By Long Luo

Here are $3$ approaches to solve this problem in Java, which is Brute Force, HashMap and Sliding Window.

# Brute Force

Easy, using $2$ loops to determine whether there is the same number.

obviously, it will time out.

## Analysis

• Time Complexity: $O(n^2)$
• Space Complexity: $O(1)$

# HashMap

We use a $\texttt{HashMap}$ to record the maximum index of each element. When scanning the array from left to right, the process:

• If an element $\textit{nums}[i]$ already exists in the hash table and the index $j$ of the element recorded in the hash table satisfies $abs(i - j) \le k$, return $\text{true}$;

• Recording $\textit{nums}[i]$ and index $i$ into the hash table, where $i$ is the largest index of $\textit{nums}[i]$.
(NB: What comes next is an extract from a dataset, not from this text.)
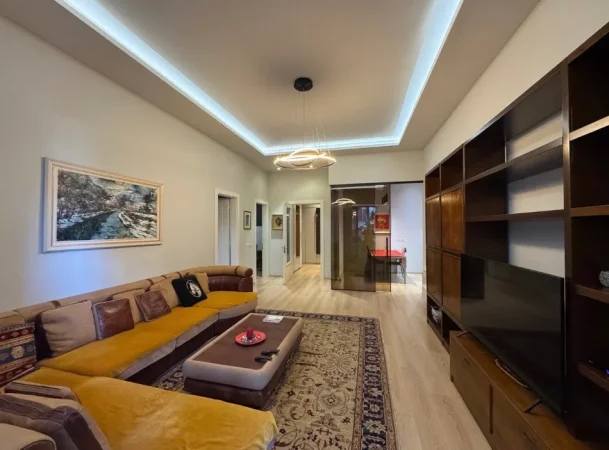 Tirane, shitet apartament 3+1+Ballkon + 2 Poste Parkimi , 115 m² 320.000 € (Prane Kopshtit Zoologjik, Tirane)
The order of the above two-step operations cannot be changed, when the index $i$ is traversed, the element equal to the current element and the maximum index of the element can only be found in the elements before the index $i$.

## Analysis

• Time Complexity: $O(n)$
• Space Complexity: $O(n)$

# Sliding Window

Maintain a sliding window whose length does not exceed $k + 1$ in the array $\textit{nums}$, and the abs value of any two index delta in the same sliding window does not exceed $k$.

If the sliding window has repeated elements, then there are two different index $i$ and $j$ such that $\textit{nums}[i] = \textit{nums}[j]$ and $i - j \le k$.

If there are no repeating elements in the sliding window, there is no index that meets the requirements.

Therefore, it is only necessary to traverse each sliding window and determine whether there are duplicate elements in the sliding window.

We use a HashSet to store the elements in the sliding window.

If $i > k$, the element whose index is $i - k - 1$ will be removed from the sliding window.

If a element already exists in the $\texttt{HashSet}$, there are duplicate elements, return $\textit{true}$, if not in the hash set add it to the hash set.

## Analysis

• Time Complexity: $O(n)$.
• Space Complexity: $O(k)$.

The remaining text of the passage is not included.